General Motors on Thursday made major announcements concerning its operations in India and South Africa.
The automaker confirmed that it will cease sales in India by the end of 2017, though it will still continue to manufacture cars there for export.
Stefan Jacoby, who heads GM’s unit for emerging markets, said the increased investment required for a full product portfolio in India would not deliver sufficient market share and profitability in the long run.
As for South Africa, GM will sell its share in a commercial vehicle plant to Isuzu. It will also cease sales of its Chevrolet brand in South Africa by the end of 2017.
Jacoby said the required investment to maintain manufacturing in South Africa could deliver better returns if invested elsewhere.
As a result of these actions, GM expects to realize annual savings of approximately $100 million and plans to take a charge of approximately $500 million in the second quarter of 2017.
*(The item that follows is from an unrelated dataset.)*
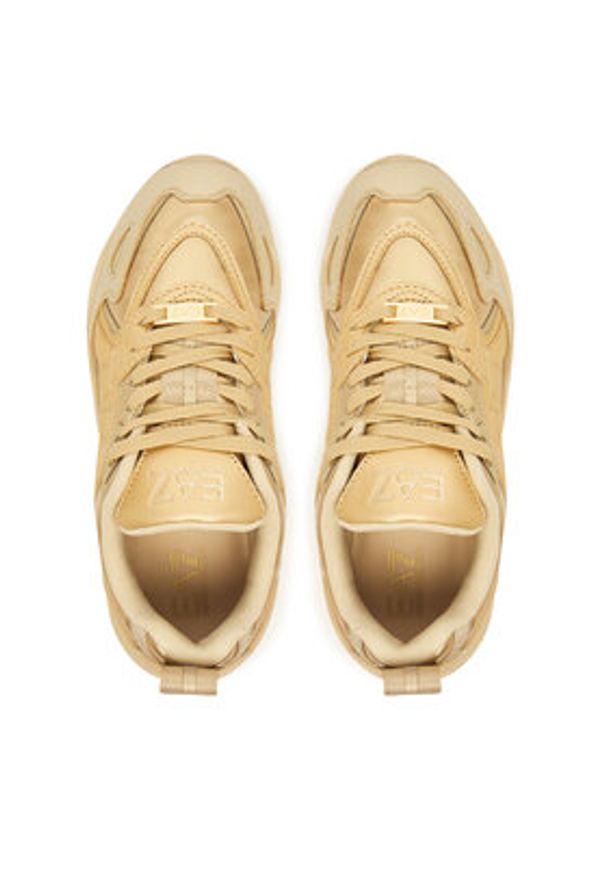 EA7 Emporio Armani Sneakersy 7X000306 AF18446 MZ147 Złoty. Kolor: złoty. Materiał: skóra
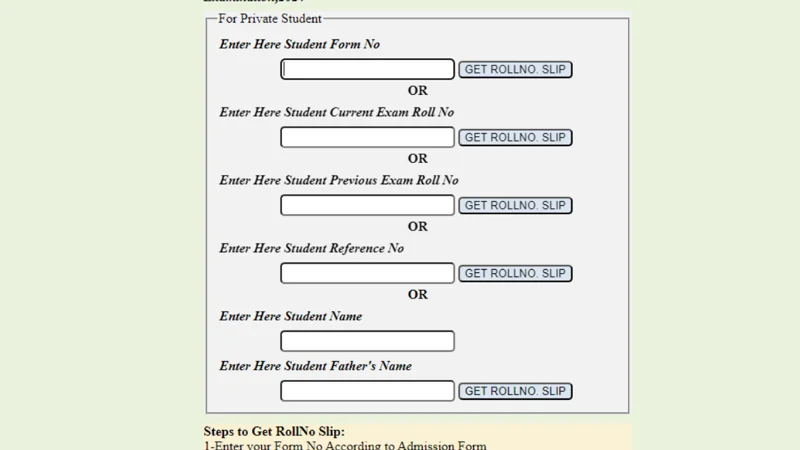 BISE Lahore Class 9 roll number slip 2024; Download Here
Since about 2013, GM has been reviewing its global operations in an effort to focus cash and engineering effort on fewer, more profitable markets. Since then, we’ve seen GM pull Chevrolet out of Europe, sell Opel to France’s PSA Group, and announce the end of manufacturing in Australia.
The news comes a day after Ford announced plans to cut 10 percent of its salaried workforce in North America and Asia in an effort to reduce costs amid a slumping share price.